Na Paris da década de 1930, Maurice Legrand (Michel Simon) é um balconista que uma noite, a caminho de casa, encontra o chulo Dédé (Georges Flamant) a bater na sua prostituta Lulu (Janie Marèse). Julgando salvá-la, Maurice leva Lulu a casa, e passa a ter uma relação com ela às escondidas da mulher (Magdeleine Bérubet), acreditando que aquela o ama, e dando-lhe todo dinheiro que pode, não sabendo (ou preferindo não saber) que tudo o que lhe dá, Lulu dá ao amante, gigolo e gastador Dédé, por quem está apaixonada, por mais que ele a maltrate.

Análise:

Segundo filme sonoro de Jean Renoir – depois de “On purge bébé”, do mesmo ano –, “La Chienne” (literalmente “A Cadela”), é uma adaptação do romance homónimo de Georges de la Fouchardière, um escritor e jornalista conhecido por romances de pendor realista, pejados de humor e sátira social.
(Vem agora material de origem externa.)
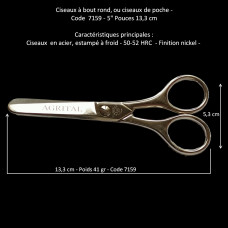65 - Ciseaux à bout rond,   7159 - 5" - 13,3 cm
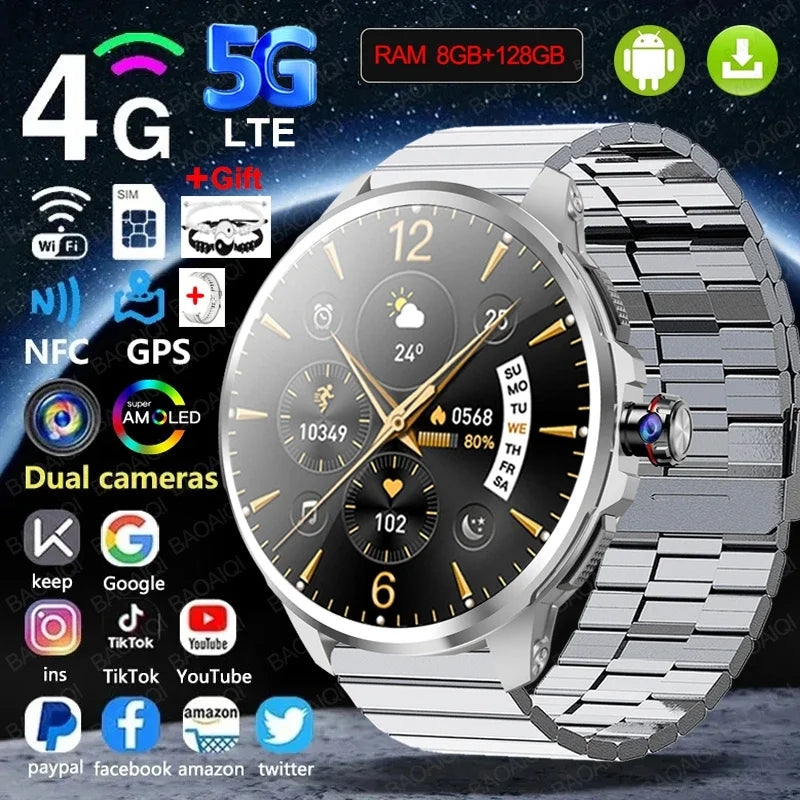 5G/4G Android Smart Watch – 1.95" AMOLED, 900W Camera, GPS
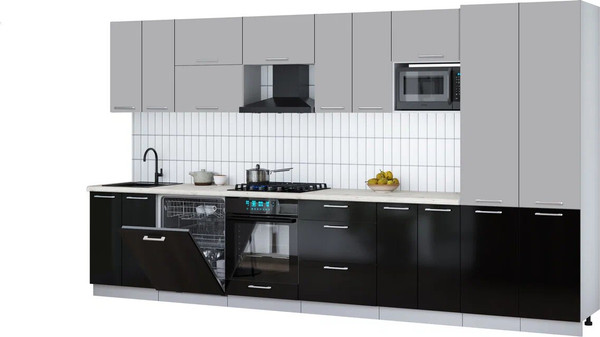 Изображение товара Кухонный гарнитур Интерлиния Мила Gloss 3.8-ПМ2 (черный глянец/грей/бискайская сосна)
É um dos filmes inaugurais daquilo que veio a ficar conhecido por Realismo Poético, um conjunto de filmes franceses dos anos 30 do século XX, geralmente baseados em obras literárias do realismo francês, dedicadas às condições sociais das classes mais baixas, mas olhadas com um certo romantismo poético.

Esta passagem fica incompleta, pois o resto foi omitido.